# Add on des Jahren



## Sokra22 (29. September 2008)

Hallo liebes Buffed Team.

Ich verfolge natürlich schon seid längerem die Liste der Add ons der Woche und lese auch gerne die Doppelseite zum Thema Add ons im buffed Magazin.

Nun schlag ich vor...

Buffed user vereinigt euch und wählt gegen ende des Jahres das Add on des Jahres aus allen Add ons die bisher vorgestellt wurden^^



Ich weiß vielleicht ist die Idee auch nen bischen Übertrieben, nur ist mir diese einfach ma so eingefallen und ich fand sie irgentwie nicht schlecht^^

Also nehmt es einfach als Anregung oder lasst es sein 


			Dieser Inhalt steht nur eingeloggten Mitgliedern zur Verfügung.
        



mfg Sokra


----------



## Razyl (29. September 2008)

Sokra22 schrieb:


> Ich weiß vielleicht ist die Idee auch nen bischen Übertrieben, nur ist mir diese einfach ma so eingefallen und ich fand sie irgentwie nicht schlecht


Finden wir nicht alle, das unsere Ideen nicht schlecht sind. Obwohl sie von anderer Seite als schlecht angesehen werden, denken wir anfang an sie ist nicht schlecht.


----------



## Grüne Brille (29. September 2008)

Razyl schrieb:


> Finden wir nicht alle, das unsere Ideen nicht schlecht sind.

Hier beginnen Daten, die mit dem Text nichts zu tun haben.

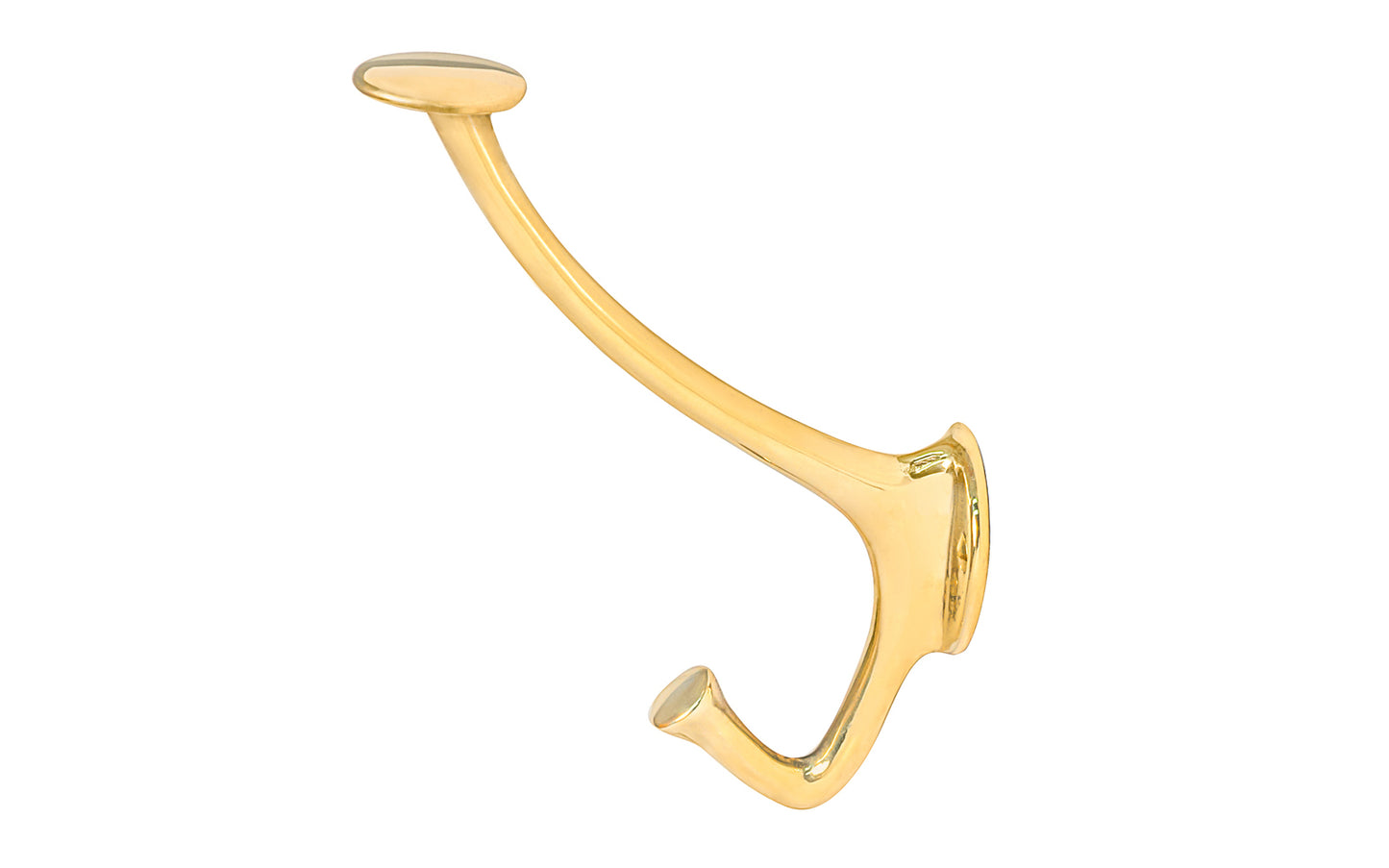 Vintage-style unlacquered solid brass hall tree hook. Excellent for use in hallways, hall trees, kitchens, & many other places. The double hook is made of solid brass material, making it great for coats & clothing. Designed in the Art Nouveau, Early 20th Century style hardware. 5-1/4" high hook. Non-lacquered brass.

Obwohl sie von anderer Seite als schlecht angesehen werden, denken wir anfang an sie ist nicht schlecht.


nun, unsere idee ist ja auch von "uns" , somit ist die bewertung der eigenen idee natürlich schon vorbeeinflusst.


----------



## Razyl (29. September 2008)

Grüne schrieb:


> nun, unsere idee ist ja auch von "uns" , somit ist die bewertung der eigenen idee natürlich schon vorbeeinflusst.


Genau, was natürlich nicht immer stimmen muss. 
Aber ich glaube das gehört irgendwie nicht zum Topic, schade aber auch.


----------



## Grüne Brille (29. September 2008)

Razyl schrieb:


> Genau, was natürlich nicht immer stimmen muss.
> Aber ich glaube das gehört irgendwie nicht zum Topic, schade aber auch.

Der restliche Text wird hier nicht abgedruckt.